There being no issue as to Ryals’ negligence and no other insurance as to the Harris automobile, the Government Employees Insurance Company insurance must be treated as primary coverage, in view of our determination that Ryals was not acting in the scope and course of his employment. For this reason there can be no contribution by The Home Indemnity Company.

We find the facts pertaining to Ryals’ status to be briefly, as follows: The State of Mississippi was assigned to Ryals as his territory in which to sell the service of the Credit Bureau. Louisiana and Arkansas made up the territory of employee Harris. These employees worked their respective areas on their own time in their own way. They were required to make weekly reports of their accomplishments and business prospects. It was to receive instructions from Parker Smith, the Credit Bureau’s district manager, on a change in manner and time of making such reports that brought Ryals and Harris to New Orleans on that occasion. These employees received no mileage or automobile or travel expenses and no payment for their time to attend the meeting. The employer did not deduct any amount for social security or income tax. Their compensation for services rendered was entirely on a percentage commission of the amount of business realized for the Credit Bureau. Under these facts and circumstances this case definitely falls within the general rule that a traveling salesman is not acting within the scope of his employment while en route to attend a meeting of salesmen at the request of the employer. Moreover, even if the requirement of Ryals by his employer to attend the meeting in New Orleans be construed to bring Ryals within the scope of his employment while en route to the meeting, that requirement could not be stretched to include any and all travel for pleasure or other purpose while in New Orleans. Therefore, before Ryals could be held to be within the scope of his employment he should be required to prove that he was actually traveling to *650the meeting at the time of the accident. Ryals testified that he did not remember where he was going at the time of the accident or for what purpose.

This particular subject has been discussed in several Louisiana decisions including the cases of Taylor v. State Farm Mutual Automobile Ins. Co., La.App., 171 So.2d 816; Wills v. Correge, La.App., 148 So.2d 822; Romero v. Hogue, La.App., 77 So.2d 74 and Gallaher v. Ricketts, La.App., 191 So. 713.

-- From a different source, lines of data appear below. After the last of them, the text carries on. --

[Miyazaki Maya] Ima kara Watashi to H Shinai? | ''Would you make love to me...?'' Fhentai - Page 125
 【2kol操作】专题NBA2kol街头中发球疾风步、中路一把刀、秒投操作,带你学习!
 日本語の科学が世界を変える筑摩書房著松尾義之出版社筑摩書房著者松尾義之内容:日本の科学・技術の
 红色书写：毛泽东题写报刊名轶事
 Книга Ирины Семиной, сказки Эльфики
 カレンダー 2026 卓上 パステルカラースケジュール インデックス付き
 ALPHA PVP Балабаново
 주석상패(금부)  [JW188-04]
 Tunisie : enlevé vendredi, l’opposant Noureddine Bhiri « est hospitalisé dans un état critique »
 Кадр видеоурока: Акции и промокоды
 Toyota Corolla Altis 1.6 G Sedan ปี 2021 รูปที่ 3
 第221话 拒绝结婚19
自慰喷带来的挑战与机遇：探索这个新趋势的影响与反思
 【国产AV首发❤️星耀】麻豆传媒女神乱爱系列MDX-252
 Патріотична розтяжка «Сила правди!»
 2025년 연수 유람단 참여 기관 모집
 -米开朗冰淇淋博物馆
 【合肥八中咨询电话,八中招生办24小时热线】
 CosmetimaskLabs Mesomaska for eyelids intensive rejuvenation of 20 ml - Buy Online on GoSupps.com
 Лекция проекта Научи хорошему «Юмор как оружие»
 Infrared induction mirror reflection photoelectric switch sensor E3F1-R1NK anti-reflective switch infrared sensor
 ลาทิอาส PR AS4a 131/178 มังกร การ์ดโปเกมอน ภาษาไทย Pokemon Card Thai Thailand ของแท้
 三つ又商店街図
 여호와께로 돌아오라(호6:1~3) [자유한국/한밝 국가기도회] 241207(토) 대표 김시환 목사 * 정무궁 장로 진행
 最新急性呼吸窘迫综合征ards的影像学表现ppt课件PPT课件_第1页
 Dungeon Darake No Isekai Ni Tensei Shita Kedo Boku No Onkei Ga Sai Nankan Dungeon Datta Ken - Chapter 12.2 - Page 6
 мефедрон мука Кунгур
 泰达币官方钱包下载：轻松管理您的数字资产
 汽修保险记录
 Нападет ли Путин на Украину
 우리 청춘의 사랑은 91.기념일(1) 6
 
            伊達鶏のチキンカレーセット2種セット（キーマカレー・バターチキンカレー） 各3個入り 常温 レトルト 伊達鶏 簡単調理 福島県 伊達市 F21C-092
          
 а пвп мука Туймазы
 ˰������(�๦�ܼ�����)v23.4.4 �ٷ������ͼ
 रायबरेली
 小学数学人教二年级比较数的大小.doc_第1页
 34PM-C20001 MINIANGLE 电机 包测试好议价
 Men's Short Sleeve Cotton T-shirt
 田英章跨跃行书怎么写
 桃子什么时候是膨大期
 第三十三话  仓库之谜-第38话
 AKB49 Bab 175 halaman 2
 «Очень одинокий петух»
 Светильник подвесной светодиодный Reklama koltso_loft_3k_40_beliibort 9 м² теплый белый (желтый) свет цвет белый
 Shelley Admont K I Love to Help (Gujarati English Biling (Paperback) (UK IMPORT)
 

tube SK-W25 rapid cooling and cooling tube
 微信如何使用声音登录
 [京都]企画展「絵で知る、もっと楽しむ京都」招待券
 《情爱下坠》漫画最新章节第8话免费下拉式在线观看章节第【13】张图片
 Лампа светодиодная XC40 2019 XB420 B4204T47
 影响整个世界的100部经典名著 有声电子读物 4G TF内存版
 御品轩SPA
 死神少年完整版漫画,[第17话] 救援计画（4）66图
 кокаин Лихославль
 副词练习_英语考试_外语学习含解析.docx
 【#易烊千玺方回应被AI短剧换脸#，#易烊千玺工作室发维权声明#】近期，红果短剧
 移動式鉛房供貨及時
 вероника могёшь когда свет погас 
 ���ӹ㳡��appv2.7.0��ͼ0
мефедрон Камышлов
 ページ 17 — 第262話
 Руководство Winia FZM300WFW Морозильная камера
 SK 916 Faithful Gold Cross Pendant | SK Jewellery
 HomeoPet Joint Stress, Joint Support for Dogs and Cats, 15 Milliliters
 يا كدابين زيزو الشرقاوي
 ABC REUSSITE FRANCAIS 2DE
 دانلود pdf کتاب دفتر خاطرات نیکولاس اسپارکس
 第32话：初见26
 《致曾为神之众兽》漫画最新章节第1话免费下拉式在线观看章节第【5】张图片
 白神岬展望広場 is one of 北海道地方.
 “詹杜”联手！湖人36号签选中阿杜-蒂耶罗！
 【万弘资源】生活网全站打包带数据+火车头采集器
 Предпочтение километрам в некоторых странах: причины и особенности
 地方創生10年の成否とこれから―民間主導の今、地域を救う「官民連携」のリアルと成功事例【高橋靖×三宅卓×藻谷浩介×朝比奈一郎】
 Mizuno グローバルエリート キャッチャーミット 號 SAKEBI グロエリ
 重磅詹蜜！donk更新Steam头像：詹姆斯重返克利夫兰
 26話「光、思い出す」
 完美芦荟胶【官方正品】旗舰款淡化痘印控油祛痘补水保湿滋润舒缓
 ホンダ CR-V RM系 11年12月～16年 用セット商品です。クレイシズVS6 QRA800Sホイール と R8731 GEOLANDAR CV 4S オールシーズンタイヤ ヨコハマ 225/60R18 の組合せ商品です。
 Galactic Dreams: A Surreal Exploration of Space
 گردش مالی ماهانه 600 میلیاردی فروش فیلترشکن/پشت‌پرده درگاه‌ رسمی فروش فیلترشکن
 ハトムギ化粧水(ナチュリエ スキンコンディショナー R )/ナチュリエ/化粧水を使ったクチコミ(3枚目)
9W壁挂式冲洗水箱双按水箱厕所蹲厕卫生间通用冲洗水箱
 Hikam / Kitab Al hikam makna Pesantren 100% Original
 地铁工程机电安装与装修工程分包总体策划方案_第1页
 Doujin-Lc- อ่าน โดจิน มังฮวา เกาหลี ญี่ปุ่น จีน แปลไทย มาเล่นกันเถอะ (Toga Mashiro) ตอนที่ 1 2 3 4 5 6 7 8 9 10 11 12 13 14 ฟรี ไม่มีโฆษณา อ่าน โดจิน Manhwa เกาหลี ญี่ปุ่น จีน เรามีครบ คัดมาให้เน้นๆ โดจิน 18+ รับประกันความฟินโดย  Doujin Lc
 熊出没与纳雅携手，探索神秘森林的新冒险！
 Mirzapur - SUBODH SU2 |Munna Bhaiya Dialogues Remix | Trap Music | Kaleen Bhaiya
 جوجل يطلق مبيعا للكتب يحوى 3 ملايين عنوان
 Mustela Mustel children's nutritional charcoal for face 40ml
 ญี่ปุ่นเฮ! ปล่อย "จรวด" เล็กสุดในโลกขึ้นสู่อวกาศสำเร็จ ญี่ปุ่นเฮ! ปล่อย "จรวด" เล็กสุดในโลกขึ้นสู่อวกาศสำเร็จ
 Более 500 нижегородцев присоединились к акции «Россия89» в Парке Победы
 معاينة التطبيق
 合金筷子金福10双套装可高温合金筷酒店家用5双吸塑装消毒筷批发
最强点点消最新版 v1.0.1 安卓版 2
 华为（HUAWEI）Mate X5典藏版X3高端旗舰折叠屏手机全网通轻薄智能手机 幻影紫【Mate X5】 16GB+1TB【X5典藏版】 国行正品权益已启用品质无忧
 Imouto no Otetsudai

There are some decisions which have held that employees attending meetings called by the employers were acting in the scope of their employment but in those cases there are distinguishing circumstances to require a different ruling. None of the circumstances applicable in those cases which held the employees to be acting within the scope of their employment, when attending meetings called by the employer, is present in the case now before this court, except the bare fact that the employer required the employee to attend the meeting. The leading cases on this subject are as follows: O’Brien v. Traders and General Insurance Company, La.App., 136 So.2d 852, and Le Blanc v. New Amsterdam Casualty Co., 202 La. 857, 13 So.2d 245.

For these reasons it is ordered that that part of the final judgment of the trial court of date February 8, 1968, in favor of third-party plaintiff, Government Employees Insurance Company, and against third-party defendant, The Home Indemnity Company, awarding the sum of four-fifths of any amount paid to John Drude by the third-party plaintiff be and the same is hereby reversed.

It is now ordered, adjudged and decreed that judgment be in favor of third-party defendant, The Home Indemnity Company, and against third-party plaintiff, Government Employees Insurance Company, dismissing the claim of said third-party plaintiff at its cost.

It is further ordered, adjudged and decreed that said final judgment of the trial court of February 8, 1967, in all other respects be and it is hereby affirmed, with costs to be paid by Government Employees Insurance Company.

Reversed in part and affirmed in part.